By RENALDO DORSETT
DUE to delays forcing late night schedule changes yesterday, Team Bahamas will have to wait on the welcome it deserves after their performance at the Summer Olympics in London.
Originally scheduled for a 6pm Monday return home to a sea of supporters at the Lynden Pindling International Airport, Team Bahamas experienced a series of delays with connecting flights and returned to the capital near midnight to very little fanfare.

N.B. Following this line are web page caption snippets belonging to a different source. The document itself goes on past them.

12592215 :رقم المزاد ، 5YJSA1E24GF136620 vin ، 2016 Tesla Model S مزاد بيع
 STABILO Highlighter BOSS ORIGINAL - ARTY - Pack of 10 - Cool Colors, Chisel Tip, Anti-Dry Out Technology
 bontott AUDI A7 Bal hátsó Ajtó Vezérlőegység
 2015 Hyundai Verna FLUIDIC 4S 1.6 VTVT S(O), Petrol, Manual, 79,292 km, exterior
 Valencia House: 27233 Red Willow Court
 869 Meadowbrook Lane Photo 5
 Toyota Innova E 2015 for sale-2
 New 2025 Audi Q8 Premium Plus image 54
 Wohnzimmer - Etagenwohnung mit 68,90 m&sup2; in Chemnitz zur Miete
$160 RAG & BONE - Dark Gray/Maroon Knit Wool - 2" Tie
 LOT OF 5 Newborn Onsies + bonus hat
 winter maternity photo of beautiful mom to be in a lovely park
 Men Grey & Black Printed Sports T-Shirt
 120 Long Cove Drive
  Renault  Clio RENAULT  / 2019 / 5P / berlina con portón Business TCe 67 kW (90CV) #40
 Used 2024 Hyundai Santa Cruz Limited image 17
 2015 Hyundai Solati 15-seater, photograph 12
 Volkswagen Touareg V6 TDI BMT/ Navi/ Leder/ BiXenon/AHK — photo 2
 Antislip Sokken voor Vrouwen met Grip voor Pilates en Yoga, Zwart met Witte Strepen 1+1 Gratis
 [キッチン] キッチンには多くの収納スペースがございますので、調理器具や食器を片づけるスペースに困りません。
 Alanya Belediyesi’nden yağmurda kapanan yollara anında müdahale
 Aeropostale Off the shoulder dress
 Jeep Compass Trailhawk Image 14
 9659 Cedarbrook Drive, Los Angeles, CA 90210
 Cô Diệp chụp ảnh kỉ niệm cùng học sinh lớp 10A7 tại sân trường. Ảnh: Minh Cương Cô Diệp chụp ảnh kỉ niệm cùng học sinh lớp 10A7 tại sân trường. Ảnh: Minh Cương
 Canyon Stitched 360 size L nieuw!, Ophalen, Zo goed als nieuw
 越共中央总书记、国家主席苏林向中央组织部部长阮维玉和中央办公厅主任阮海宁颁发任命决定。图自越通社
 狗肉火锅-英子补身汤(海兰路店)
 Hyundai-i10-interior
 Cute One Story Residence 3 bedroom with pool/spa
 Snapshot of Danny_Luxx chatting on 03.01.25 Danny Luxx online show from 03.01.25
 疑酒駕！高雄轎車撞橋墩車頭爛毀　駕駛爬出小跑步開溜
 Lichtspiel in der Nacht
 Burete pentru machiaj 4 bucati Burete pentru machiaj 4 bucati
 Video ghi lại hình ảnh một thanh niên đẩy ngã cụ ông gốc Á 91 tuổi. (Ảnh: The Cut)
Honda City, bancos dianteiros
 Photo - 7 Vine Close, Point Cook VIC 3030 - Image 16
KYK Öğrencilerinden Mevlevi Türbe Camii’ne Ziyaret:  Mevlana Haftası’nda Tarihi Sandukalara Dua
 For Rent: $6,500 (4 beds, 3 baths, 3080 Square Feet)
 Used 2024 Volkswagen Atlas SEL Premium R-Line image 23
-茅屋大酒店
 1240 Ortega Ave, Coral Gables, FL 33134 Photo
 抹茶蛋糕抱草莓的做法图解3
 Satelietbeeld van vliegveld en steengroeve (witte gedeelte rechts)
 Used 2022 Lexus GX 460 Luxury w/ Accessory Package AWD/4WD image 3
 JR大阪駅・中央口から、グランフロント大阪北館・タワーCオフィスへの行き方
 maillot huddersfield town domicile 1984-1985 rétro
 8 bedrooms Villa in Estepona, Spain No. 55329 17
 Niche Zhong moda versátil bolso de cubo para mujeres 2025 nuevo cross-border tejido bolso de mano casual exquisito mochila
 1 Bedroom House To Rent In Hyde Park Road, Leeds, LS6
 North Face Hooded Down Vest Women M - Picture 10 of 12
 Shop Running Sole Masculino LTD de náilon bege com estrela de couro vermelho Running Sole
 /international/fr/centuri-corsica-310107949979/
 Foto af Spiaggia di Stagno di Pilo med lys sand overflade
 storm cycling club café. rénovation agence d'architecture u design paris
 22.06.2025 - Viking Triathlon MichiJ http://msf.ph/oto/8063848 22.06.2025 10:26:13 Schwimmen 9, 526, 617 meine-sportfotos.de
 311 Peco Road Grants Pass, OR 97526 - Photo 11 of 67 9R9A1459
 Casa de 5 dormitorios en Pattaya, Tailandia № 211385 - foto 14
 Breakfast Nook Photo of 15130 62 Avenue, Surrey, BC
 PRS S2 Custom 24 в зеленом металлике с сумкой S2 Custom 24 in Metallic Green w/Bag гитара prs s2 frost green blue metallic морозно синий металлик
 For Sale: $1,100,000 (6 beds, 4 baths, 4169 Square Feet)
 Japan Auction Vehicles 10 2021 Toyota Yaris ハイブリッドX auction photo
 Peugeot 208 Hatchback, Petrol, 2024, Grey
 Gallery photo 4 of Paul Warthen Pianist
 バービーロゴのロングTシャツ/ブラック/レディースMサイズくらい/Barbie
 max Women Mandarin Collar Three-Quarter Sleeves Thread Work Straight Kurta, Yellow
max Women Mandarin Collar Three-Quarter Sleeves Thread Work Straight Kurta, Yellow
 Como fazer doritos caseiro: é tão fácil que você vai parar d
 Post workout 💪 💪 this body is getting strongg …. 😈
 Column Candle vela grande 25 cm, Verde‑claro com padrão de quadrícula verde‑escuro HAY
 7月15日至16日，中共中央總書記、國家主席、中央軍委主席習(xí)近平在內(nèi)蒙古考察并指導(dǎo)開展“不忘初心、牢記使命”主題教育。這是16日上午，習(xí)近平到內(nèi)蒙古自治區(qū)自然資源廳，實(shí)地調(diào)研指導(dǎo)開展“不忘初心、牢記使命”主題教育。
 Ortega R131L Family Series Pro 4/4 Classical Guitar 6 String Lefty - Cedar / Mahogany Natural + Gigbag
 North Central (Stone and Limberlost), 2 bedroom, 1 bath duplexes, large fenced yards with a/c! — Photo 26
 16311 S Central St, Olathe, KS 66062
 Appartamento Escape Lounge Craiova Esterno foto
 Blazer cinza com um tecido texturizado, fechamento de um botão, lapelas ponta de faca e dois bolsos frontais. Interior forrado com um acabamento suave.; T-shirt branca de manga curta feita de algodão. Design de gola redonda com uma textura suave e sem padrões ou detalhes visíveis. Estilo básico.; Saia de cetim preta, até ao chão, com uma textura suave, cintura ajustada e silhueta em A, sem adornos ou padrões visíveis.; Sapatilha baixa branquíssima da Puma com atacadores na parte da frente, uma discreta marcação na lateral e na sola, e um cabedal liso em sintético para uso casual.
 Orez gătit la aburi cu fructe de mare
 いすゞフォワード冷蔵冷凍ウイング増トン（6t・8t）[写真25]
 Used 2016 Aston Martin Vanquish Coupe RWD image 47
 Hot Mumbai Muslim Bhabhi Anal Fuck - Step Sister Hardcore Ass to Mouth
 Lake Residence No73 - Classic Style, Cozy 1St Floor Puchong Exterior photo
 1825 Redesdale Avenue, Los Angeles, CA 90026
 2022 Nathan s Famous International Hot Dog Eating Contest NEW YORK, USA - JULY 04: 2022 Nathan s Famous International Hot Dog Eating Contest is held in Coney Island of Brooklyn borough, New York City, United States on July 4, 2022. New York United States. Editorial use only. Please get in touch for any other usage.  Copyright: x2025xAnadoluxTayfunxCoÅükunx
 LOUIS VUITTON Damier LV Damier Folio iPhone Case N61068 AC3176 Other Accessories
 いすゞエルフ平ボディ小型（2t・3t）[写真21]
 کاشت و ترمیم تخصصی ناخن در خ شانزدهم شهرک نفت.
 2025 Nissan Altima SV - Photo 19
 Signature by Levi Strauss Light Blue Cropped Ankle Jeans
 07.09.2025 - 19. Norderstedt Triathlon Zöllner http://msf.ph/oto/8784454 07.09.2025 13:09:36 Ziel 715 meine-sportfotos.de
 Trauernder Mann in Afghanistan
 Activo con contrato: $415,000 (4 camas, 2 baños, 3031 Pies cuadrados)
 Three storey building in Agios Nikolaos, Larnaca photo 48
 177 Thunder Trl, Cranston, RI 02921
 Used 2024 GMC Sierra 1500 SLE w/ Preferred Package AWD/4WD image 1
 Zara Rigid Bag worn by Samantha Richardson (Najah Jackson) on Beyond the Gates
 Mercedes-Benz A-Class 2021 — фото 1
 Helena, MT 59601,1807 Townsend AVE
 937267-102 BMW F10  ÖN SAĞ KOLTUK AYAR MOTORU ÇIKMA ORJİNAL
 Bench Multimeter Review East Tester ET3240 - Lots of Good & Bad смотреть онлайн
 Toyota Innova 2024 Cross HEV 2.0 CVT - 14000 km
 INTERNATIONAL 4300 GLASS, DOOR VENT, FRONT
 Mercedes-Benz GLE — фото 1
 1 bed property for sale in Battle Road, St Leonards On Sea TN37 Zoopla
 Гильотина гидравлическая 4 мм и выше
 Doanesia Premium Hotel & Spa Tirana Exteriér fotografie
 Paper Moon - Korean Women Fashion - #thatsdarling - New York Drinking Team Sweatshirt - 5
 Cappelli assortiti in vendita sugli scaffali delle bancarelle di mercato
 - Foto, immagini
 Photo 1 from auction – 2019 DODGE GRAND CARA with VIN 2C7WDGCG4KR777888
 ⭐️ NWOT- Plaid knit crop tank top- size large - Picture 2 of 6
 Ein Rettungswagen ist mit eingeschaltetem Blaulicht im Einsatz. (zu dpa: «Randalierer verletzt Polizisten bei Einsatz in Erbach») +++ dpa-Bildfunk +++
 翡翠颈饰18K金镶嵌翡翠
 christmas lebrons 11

“Flight schedules changed as a result of the performances and we wanted to get everyone here to celebrate the historic occasion of the gold medal, therefore some schedules were changed to accommodate that. The team was originally split between Virgin Airways and British Airways out of London. We had some delays in Miami and those of us that were on British Airways came through on time. We tried as best as we can to stall the flight and to have them connect with us, unfortunately the time did not permit it,” said BAAA president Mike Sands. “Unlike Bahamasair who would have waited for our national heroes, the other airlines were not as accommodating. Bahamasair decided they would take up the slack and bring the team from Miami on the final leg of the journey home, however those flights were delayed as well.”
For now, the Bahamian public will await to see what plans are in place to properly greet the 26-member team and most notably the gold medal winning quartet of Chris Brown, Demetrius Pinder, Michael Mathieu and Ramon Miller.
Despite the delayed celebration, the family of Ramon Miller, whose anchor leg will go down in Bahamian folklore as one of the greatest athletic performances of all time, came out in a strength of support for the two time Olympians.
Dressed in customised T-Shirts celebrating Miller and the team’s achievement, his mother Clarice Miller said that both she and her son are still in awe over what transpired.
“I’m overwhelmed, I’m elated, I’m excited. Words cannot describe the way I feel about the ‘golden moment’ if you want to call it that. I am a proud mom. Very happy to know that he is a part of history, that is indelible, one that will not be erased and one that will be there forever,” she said.
“‘Mon’ is a bit laid back and he has said to me ‘mummy how am I going to deal with all this prestige and accolades or whatever’ so he is trying to muster himself in terms of how to deal with the public and this grand moment.”
Wellington Miller, president of the Bahamas Olympic Committee, said the Bahamas has much to be proud of for the team’s performance, not just for the medal winning members of the 4x400m relay team, but all of team Bahamas.
“Besides these gentlemen we had many good performances from our athletes. Back home we know everybody was anxious wondering when the Bahamas would clear its throat and finally make that roar toward the finish line. Friday that happened. That went all over the world. It was huge to us because we beat the Americans who had not lost that race in decades. Our little country, the Bahamas, took charge. When I saw Ramon Miller pass Taylor about 25 yards from the line, it was a great moment for us all. None of us saw the actual ending of the race, the celebration was on and we went temporarily blind for a second but it was such a great great feeling to see young men who you knew coming up perform on that stage,” he said. “They did it for all of us, they did it for the pride of the Bahamas. The next day we had another great moment when the Bahamas got to hear its national anthem on that stage and we saw the Bahamas’ flag fly high over the American flag and the Trinidadian flag. This success will continue on with our feeder programmes. The team performed well and did many things that the entire Bahamas has to be proud of.”